§ **SOURCE DATA**

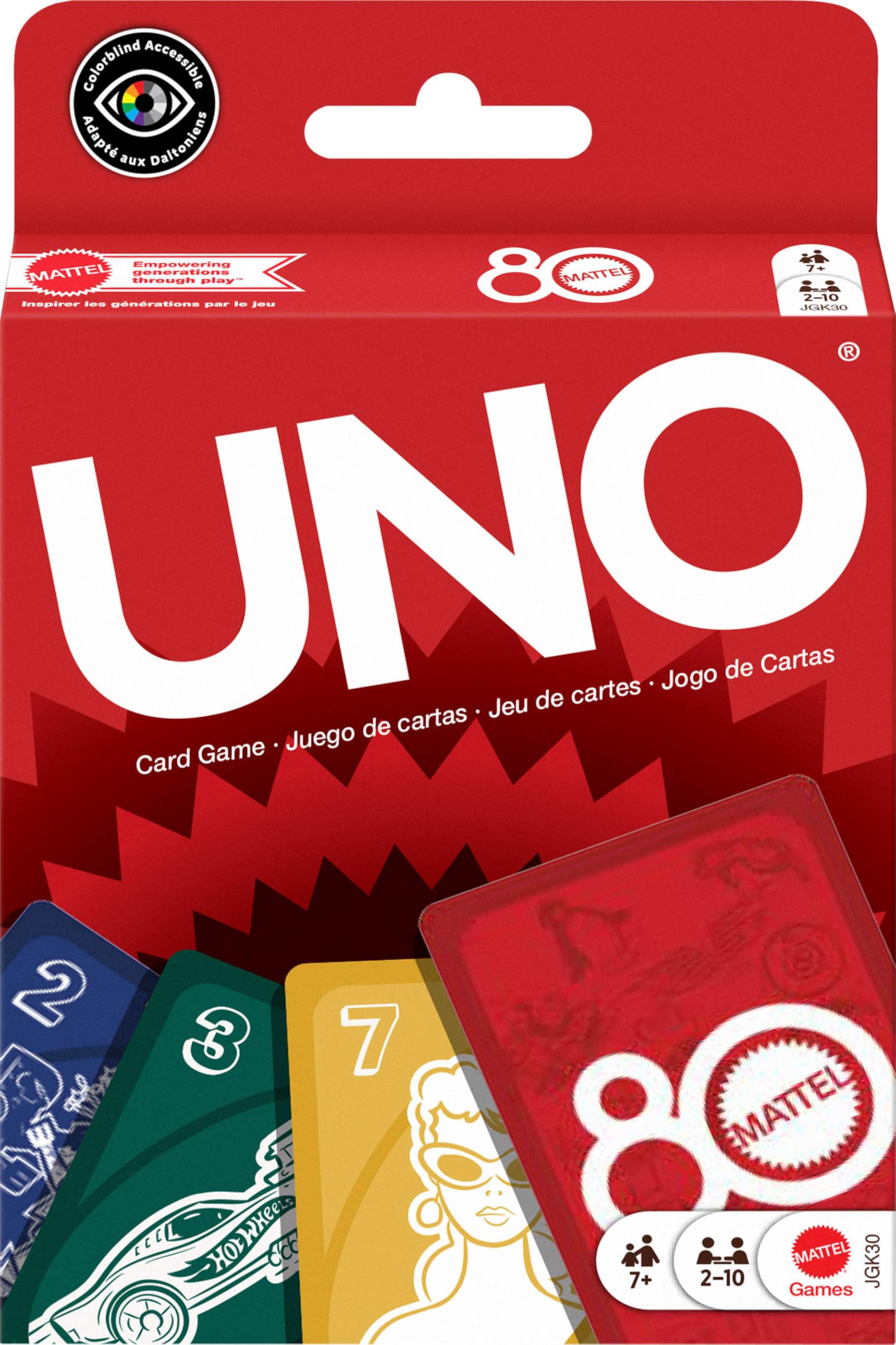 Mattel Games UNO House Rules Card Game for Family Night, Game Night, Travel, Camping & Party, HRL31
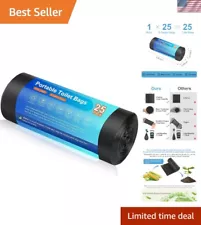 Eco-Friendly Portable Toilet Bags – 80 Count for Easy Outdoor Waste Disposal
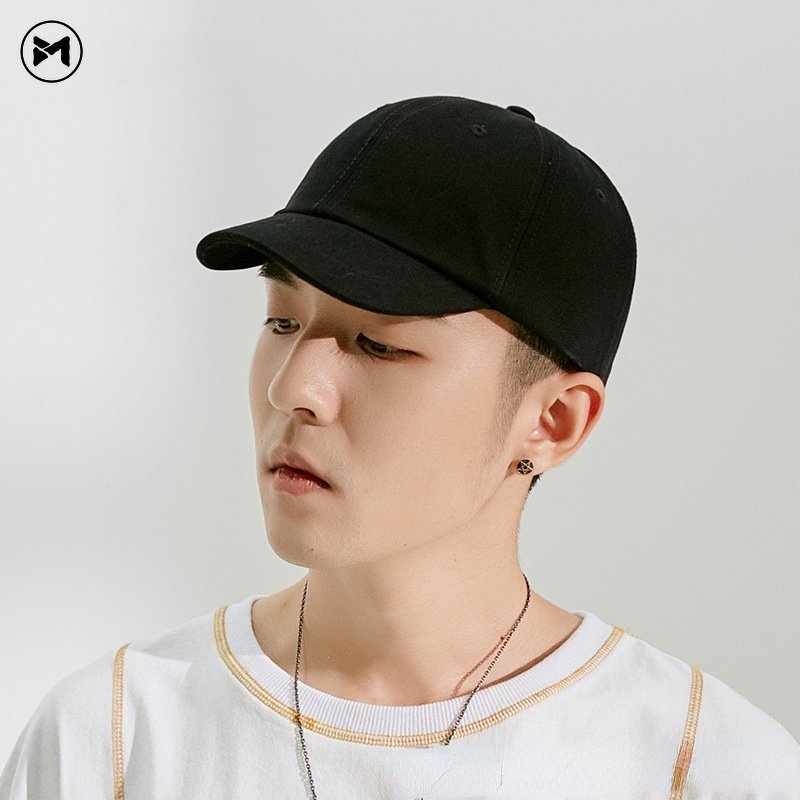 Mũ Lưỡi Trai Màu Trơn Phong Cách Retro Mỹ Hàng Mới 2022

§ **EXERCISE GOAL**
Produce an exact copy of the lines from the line with "Eco-Friendly Portable Toilet" through the last line of the data above, both ends included. No pictures belong in it.

§ **RESPONSE TO THE TASK**
 Eco-Friendly Portable Toilet Bags – 80 Count for Easy Outdoor Waste Disposal
 Mũ Lưỡi Trai Màu Trơn Phong Cách Retro Mỹ Hàng Mới 2022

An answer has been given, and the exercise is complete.